If you're interested in learning more,
then check out some of these tutorials:
- Awk Command
- Awk One-Liners Explained, Part I: File Spacing, Numbering and Calculations
- Awk Tutorial
- How To Become a 10x Engineer using the Awk Command
- Linux/BSD command line wizardry: Learn to think in sed, awk, and grep
- Understanding AWK
Conclusion
The Linux (and other Unix-like OSes) command line
offers a lot of utilities to examine data.

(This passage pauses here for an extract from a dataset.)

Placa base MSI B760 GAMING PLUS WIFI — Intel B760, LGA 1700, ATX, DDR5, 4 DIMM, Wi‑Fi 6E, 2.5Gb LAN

Prior to this lesson, we covered a few of
them that help us get
parts of a file and then pipe those parts
through other commands
or redirect output to files.
We can use pipes and redirects with
grep
, sed
, and awk
.
If needed, we may be able to avoid using
the basic utilities like
cut
, wc
, etc if want to learn more powerful programs
like grep
, sed
, and awk
.
It's fun to learn and practice these.
Despite this, you do not have to become
a sed
or an awk
programmer.
Like the utilities that we've discussed in prior lectures,
the power of programs like these is that their on hand and
easy to use as one-liners.
If you want to get started,
the resources listed above can guide you.